TASK REQUIREMENTS -
Every entry below, from first to last, should be copied exactly.

-------- MATERIAL PROVIDED

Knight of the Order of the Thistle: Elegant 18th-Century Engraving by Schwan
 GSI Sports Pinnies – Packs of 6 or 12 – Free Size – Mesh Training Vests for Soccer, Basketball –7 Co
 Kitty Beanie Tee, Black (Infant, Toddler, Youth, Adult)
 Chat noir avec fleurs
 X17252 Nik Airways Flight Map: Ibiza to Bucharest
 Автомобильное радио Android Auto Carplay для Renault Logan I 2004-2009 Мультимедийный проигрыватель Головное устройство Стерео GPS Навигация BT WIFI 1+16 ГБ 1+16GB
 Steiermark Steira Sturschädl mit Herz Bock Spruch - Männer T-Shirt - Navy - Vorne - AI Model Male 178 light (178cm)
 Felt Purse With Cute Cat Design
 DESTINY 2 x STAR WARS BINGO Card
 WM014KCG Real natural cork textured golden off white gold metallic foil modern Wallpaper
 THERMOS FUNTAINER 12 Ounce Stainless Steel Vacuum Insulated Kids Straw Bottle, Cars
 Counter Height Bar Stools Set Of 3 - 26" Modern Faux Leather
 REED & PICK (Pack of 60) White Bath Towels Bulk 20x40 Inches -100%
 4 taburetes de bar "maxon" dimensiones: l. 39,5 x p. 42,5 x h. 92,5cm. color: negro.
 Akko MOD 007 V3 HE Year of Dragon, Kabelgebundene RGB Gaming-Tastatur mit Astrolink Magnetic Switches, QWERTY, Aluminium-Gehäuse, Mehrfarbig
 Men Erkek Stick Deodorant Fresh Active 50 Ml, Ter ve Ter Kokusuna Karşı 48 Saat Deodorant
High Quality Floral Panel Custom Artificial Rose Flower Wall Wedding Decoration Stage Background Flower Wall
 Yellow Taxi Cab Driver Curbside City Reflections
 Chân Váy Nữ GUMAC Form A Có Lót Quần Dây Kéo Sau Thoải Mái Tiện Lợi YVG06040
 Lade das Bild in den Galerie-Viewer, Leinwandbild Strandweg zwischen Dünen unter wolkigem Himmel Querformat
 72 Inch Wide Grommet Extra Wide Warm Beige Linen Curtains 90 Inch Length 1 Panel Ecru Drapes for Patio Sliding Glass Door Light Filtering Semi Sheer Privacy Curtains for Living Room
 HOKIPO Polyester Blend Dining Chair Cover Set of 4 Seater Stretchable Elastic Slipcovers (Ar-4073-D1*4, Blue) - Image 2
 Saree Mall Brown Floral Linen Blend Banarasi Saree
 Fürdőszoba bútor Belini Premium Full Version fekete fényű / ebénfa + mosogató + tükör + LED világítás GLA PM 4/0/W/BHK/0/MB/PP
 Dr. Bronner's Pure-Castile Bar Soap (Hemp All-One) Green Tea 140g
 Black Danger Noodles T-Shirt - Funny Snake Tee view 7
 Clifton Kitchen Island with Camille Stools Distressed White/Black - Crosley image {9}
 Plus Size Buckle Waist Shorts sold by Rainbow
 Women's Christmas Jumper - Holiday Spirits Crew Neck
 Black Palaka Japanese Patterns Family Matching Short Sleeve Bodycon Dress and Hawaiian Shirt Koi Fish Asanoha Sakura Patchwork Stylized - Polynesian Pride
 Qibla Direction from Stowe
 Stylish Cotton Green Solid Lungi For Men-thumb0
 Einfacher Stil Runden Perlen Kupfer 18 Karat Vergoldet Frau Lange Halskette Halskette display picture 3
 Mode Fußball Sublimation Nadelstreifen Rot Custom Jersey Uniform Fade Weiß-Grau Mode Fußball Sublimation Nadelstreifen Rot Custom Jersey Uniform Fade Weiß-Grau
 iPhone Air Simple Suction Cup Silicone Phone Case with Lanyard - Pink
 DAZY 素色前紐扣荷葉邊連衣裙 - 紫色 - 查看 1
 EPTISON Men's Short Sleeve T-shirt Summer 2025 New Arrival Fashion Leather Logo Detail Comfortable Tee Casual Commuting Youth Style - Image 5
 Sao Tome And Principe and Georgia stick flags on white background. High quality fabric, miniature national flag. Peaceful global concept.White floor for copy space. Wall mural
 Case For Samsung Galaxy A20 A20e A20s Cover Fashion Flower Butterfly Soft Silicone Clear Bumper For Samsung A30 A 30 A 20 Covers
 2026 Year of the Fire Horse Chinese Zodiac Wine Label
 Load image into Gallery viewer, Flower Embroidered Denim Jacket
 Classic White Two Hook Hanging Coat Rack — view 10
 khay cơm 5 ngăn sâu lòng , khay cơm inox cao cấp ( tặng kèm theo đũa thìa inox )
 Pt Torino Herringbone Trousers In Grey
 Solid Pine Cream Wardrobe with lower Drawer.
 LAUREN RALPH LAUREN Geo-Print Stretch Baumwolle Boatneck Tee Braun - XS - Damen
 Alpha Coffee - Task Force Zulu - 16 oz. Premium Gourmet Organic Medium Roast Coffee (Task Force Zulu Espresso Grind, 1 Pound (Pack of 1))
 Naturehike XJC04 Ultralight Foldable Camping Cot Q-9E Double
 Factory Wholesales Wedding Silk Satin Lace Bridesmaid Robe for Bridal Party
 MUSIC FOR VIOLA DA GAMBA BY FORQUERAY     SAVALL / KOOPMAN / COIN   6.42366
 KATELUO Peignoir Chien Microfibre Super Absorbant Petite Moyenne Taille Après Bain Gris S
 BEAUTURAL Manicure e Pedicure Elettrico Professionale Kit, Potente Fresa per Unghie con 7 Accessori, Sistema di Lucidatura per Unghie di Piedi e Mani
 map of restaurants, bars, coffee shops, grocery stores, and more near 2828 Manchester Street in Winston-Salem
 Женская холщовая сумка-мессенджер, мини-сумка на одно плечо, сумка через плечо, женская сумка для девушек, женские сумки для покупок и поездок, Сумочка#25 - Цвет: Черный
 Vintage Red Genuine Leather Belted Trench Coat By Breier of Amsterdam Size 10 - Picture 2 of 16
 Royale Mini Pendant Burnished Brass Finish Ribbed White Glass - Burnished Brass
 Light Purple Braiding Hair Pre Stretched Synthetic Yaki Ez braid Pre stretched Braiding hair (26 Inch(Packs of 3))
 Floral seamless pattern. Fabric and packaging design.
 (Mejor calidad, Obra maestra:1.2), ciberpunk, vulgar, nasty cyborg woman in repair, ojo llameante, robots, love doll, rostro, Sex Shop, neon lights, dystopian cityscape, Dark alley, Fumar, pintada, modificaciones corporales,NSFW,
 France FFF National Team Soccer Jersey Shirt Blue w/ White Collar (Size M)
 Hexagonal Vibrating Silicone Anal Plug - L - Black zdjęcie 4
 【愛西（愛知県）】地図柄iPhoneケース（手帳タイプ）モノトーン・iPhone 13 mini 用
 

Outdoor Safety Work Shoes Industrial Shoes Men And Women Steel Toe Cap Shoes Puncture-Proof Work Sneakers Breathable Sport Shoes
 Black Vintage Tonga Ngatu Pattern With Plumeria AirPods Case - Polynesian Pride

----------------

FINISHED TASK -
Knight of the Order of the Thistle: Elegant 18th-Century Engraving by Schwan
 GSI Sports Pinnies – Packs of 6 or 12 – Free Size – Mesh Training Vests for Soccer, Basketball –7 Co
 Kitty Beanie Tee, Black (Infant, Toddler, Youth, Adult)
 Chat noir avec fleurs
 X17252 Nik Airways Flight Map: Ibiza to Bucharest
 Автомобильное радио Android Auto Carplay для Renault Logan I 2004-2009 Мультимедийный проигрыватель Головное устройство Стерео GPS Навигация BT WIFI 1+16 ГБ 1+16GB
 Steiermark Steira Sturschädl mit Herz Bock Spruch - Männer T-Shirt - Navy - Vorne - AI Model Male 178 light (178cm)
 Felt Purse With Cute Cat Design
 DESTINY 2 x STAR WARS BINGO Card
 WM014KCG Real natural cork textured golden off white gold metallic foil modern Wallpaper
 THERMOS FUNTAINER 12 Ounce Stainless Steel Vacuum Insulated Kids Straw Bottle, Cars
 Counter Height Bar Stools Set Of 3 - 26" Modern Faux Leather
 REED & PICK (Pack of 60) White Bath Towels Bulk 20x40 Inches -100%
 4 taburetes de bar "maxon" dimensiones: l. 39,5 x p. 42,5 x h. 92,5cm. color: negro.
 Akko MOD 007 V3 HE Year of Dragon, Kabelgebundene RGB Gaming-Tastatur mit Astrolink Magnetic Switches, QWERTY, Aluminium-Gehäuse, Mehrfarbig
 Men Erkek Stick Deodorant Fresh Active 50 Ml, Ter ve Ter Kokusuna Karşı 48 Saat Deodorant
High Quality Floral Panel Custom Artificial Rose Flower Wall Wedding Decoration Stage Background Flower Wall
 Yellow Taxi Cab Driver Curbside City Reflections
 Chân Váy Nữ GUMAC Form A Có Lót Quần Dây Kéo Sau Thoải Mái Tiện Lợi YVG06040
 Lade das Bild in den Galerie-Viewer, Leinwandbild Strandweg zwischen Dünen unter wolkigem Himmel Querformat
 72 Inch Wide Grommet Extra Wide Warm Beige Linen Curtains 90 Inch Length 1 Panel Ecru Drapes for Patio Sliding Glass Door Light Filtering Semi Sheer Privacy Curtains for Living Room
 HOKIPO Polyester Blend Dining Chair Cover Set of 4 Seater Stretchable Elastic Slipcovers (Ar-4073-D1*4, Blue) - Image 2
 Saree Mall Brown Floral Linen Blend Banarasi Saree
 Fürdőszoba bútor Belini Premium Full Version fekete fényű / ebénfa + mosogató + tükör + LED világítás GLA PM 4/0/W/BHK/0/MB/PP
 Dr. Bronner's Pure-Castile Bar Soap (Hemp All-One) Green Tea 140g
 Black Danger Noodles T-Shirt - Funny Snake Tee view 7
 Clifton Kitchen Island with Camille Stools Distressed White/Black - Crosley image {9}
 Plus Size Buckle Waist Shorts sold by Rainbow
 Women's Christmas Jumper - Holiday Spirits Crew Neck
 Black Palaka Japanese Patterns Family Matching Short Sleeve Bodycon Dress and Hawaiian Shirt Koi Fish Asanoha Sakura Patchwork Stylized - Polynesian Pride
 Qibla Direction from Stowe
 Stylish Cotton Green Solid Lungi For Men-thumb0
 Einfacher Stil Runden Perlen Kupfer 18 Karat Vergoldet Frau Lange Halskette Halskette display picture 3
 Mode Fußball Sublimation Nadelstreifen Rot Custom Jersey Uniform Fade Weiß-Grau Mode Fußball Sublimation Nadelstreifen Rot Custom Jersey Uniform Fade Weiß-Grau
 iPhone Air Simple Suction Cup Silicone Phone Case with Lanyard - Pink
 DAZY 素色前紐扣荷葉邊連衣裙 - 紫色 - 查看 1
 EPTISON Men's Short Sleeve T-shirt Summer 2025 New Arrival Fashion Leather Logo Detail Comfortable Tee Casual Commuting Youth Style - Image 5
 Sao Tome And Principe and Georgia stick flags on white background. High quality fabric, miniature national flag. Peaceful global concept.White floor for copy space. Wall mural
 Case For Samsung Galaxy A20 A20e A20s Cover Fashion Flower Butterfly Soft Silicone Clear Bumper For Samsung A30 A 30 A 20 Covers
 2026 Year of the Fire Horse Chinese Zodiac Wine Label
 Load image into Gallery viewer, Flower Embroidered Denim Jacket
 Classic White Two Hook Hanging Coat Rack — view 10
 khay cơm 5 ngăn sâu lòng , khay cơm inox cao cấp ( tặng kèm theo đũa thìa inox )
 Pt Torino Herringbone Trousers In Grey
 Solid Pine Cream Wardrobe with lower Drawer.
 LAUREN RALPH LAUREN Geo-Print Stretch Baumwolle Boatneck Tee Braun - XS - Damen
 Alpha Coffee - Task Force Zulu - 16 oz. Premium Gourmet Organic Medium Roast Coffee (Task Force Zulu Espresso Grind, 1 Pound (Pack of 1))
 Naturehike XJC04 Ultralight Foldable Camping Cot Q-9E Double
 Factory Wholesales Wedding Silk Satin Lace Bridesmaid Robe for Bridal Party
 MUSIC FOR VIOLA DA GAMBA BY FORQUERAY     SAVALL / KOOPMAN / COIN   6.42366
 KATELUO Peignoir Chien Microfibre Super Absorbant Petite Moyenne Taille Après Bain Gris S
 BEAUTURAL Manicure e Pedicure Elettrico Professionale Kit, Potente Fresa per Unghie con 7 Accessori, Sistema di Lucidatura per Unghie di Piedi e Mani
 map of restaurants, bars, coffee shops, grocery stores, and more near 2828 Manchester Street in Winston-Salem
 Женская холщовая сумка-мессенджер, мини-сумка на одно плечо, сумка через плечо, женская сумка для девушек, женские сумки для покупок и поездок, Сумочка#25 - Цвет: Черный
 Vintage Red Genuine Leather Belted Trench Coat By Breier of Amsterdam Size 10 - Picture 2 of 16
 Royale Mini Pendant Burnished Brass Finish Ribbed White Glass - Burnished Brass
 Light Purple Braiding Hair Pre Stretched Synthetic Yaki Ez braid Pre stretched Braiding hair (26 Inch(Packs of 3))
 Floral seamless pattern. Fabric and packaging design.
 (Mejor calidad, Obra maestra:1.2), ciberpunk, vulgar, nasty cyborg woman in repair, ojo llameante, robots, love doll, rostro, Sex Shop, neon lights, dystopian cityscape, Dark alley, Fumar, pintada, modificaciones corporales,NSFW,
 France FFF National Team Soccer Jersey Shirt Blue w/ White Collar (Size M)
 Hexagonal Vibrating Silicone Anal Plug - L - Black zdjęcie 4
 【愛西（愛知県）】地図柄iPhoneケース（手帳タイプ）モノトーン・iPhone 13 mini 用
 

Outdoor Safety Work Shoes Industrial Shoes Men And Women Steel Toe Cap Shoes Puncture-Proof Work Sneakers Breathable Sport Shoes
 Black Vintage Tonga Ngatu Pattern With Plumeria AirPods Case - Polynesian Pride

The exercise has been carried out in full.